# Building a dresser cage for ball python.



## jfresh (Apr 4, 2012)

So that's what it is.
An old 1960's(possibly older) dresser.
I've basically hollowed it out, put some no voc exterior latex paint inside the interior veneer
I've finished the first floor, but haven't siliconed anything in place, just want to see what it looks like and what you guys think.
I'm using a paint roller holding tub for te water dish. It's deep, but it tapers down and has Ridges so Loki wouldn't get stuck.( will still monitor this before using it)
Will be using some sort of mulch(the safe kind of course) I guess cypress?
Have exactly 1/3 of floor sized flexwatt on the way.
Will be drilling a slit on bottom to feel tape through, and Swiss cheese wood under it for air flow. Will cover and silicone down with plexi, so I can replace it, but she can't get shocked or anything.
I'm considering a second level with 1 or 2 entry holes to help the exploring urge mine seems to get.
Upgrading to a vivarium electronics( ?) thermostat to replace the one I have. Because it has been 6 degree off a few times.
Will be covering everything will fake vines, and will spray down weekly with f10sc and monthly scrubs downs.
I realize fixing the hide box in place will make cleaning difficult, but not impossible and I'm up to the task. She poops in her water anyways.
(Will be using a reptile water heater btw, set at 78 to help with evap.
On the left side directly over water, will have Swiss cheese holes to allow the heat fan to penetrate cage, half heat on first floor, half heat directed to second floor.
Sorry for the huge long read , just catching you guys up.
Thoughts comments, suggestions?










Thanks guys!!


----------



## AraCyanea (May 30, 2011)

I have quoted your picture in the 'Show me your Royal vivs' by StevenM31. I shall copy and paste here too for you.

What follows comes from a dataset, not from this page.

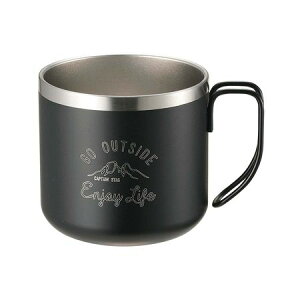 y12/5IIōő100|CgobNzp[ UE-3429 e _uXeX}OJbv350yubNz UE3429yLZsz LveX^bO CAPTAIN STAG AEghA H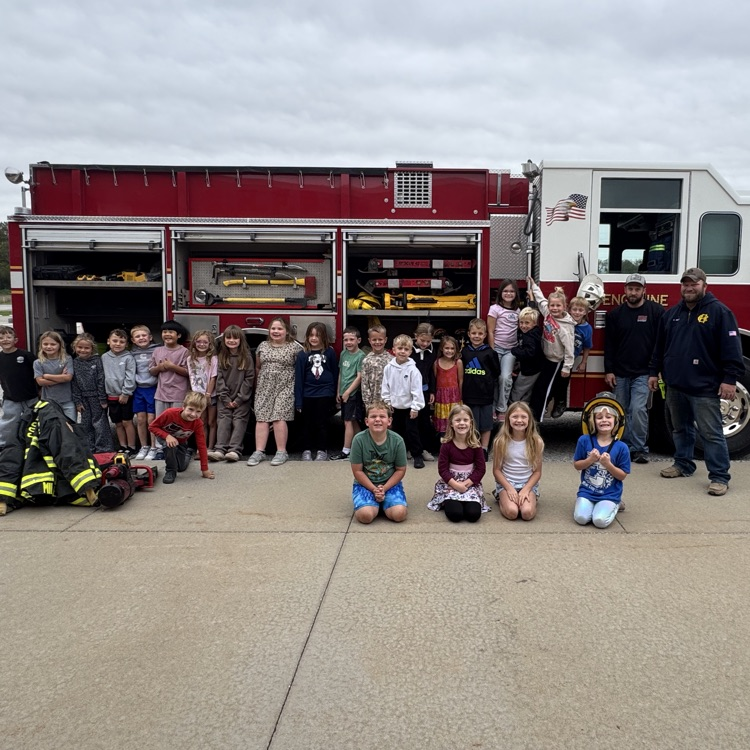 fire safety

"If that's for a Royal, I won't be surprised if he doesn't use 1/4 of it.

If it were myself, I would section it out into 3 or 4 sections and get a few more in each section. It will be used much more in that case.

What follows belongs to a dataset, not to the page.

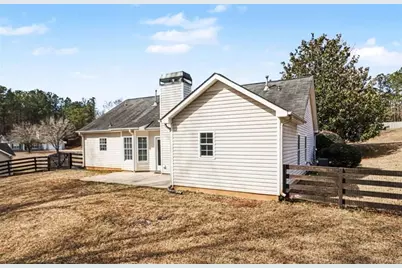 40 Macedonia Woods Court, Newnan, GA 30263 - Photo 23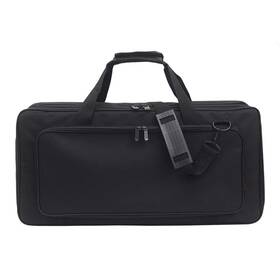 Spd-30 Moonembassy 762767060467 Digital Percussion Pad Backpack Bag For Roland Octapad Black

Obviously you don't have to take any of my advice but it's just an idea, think about it first if I were you.:whistling2:"


----------



## jfresh (Apr 4, 2012)

I considered that.
But honestly this is mostly show for my benefit. I plan on keeping it all ideal temps if she does, and she's pretty curious so she will probably at least check it out lol.
It could end up as a cage for something else when she gets bigger, but for now in a one snake guy. It would be neat for the top half to house mice, but it's wood and that might make her more edgey as well.


----------



## jfresh (Apr 4, 2012)

I do appreciate the feedback, however!
Didn't want to sound rude or anything


----------



## AraCyanea (May 30, 2011)

If it's what you want then fair enough, your snake, your choice. :no1:


----------



## jfresh (Apr 4, 2012)

Thanks or the help/advice


----------



## jfresh (Apr 4, 2012)

Moving stuff around.
Building some sort of snake ladder to the upper level and will have a snake hammock.
I realize Loki won't touch most of this.
But it's going in my living room and I want it to look nice.
There is no traffic other than me and my girlfriend in our apartment, so she shouldn't be scared.


----------



## jfresh (Apr 4, 2012)




----------



## jfresh (Apr 4, 2012)

The door is on, and shiny!


----------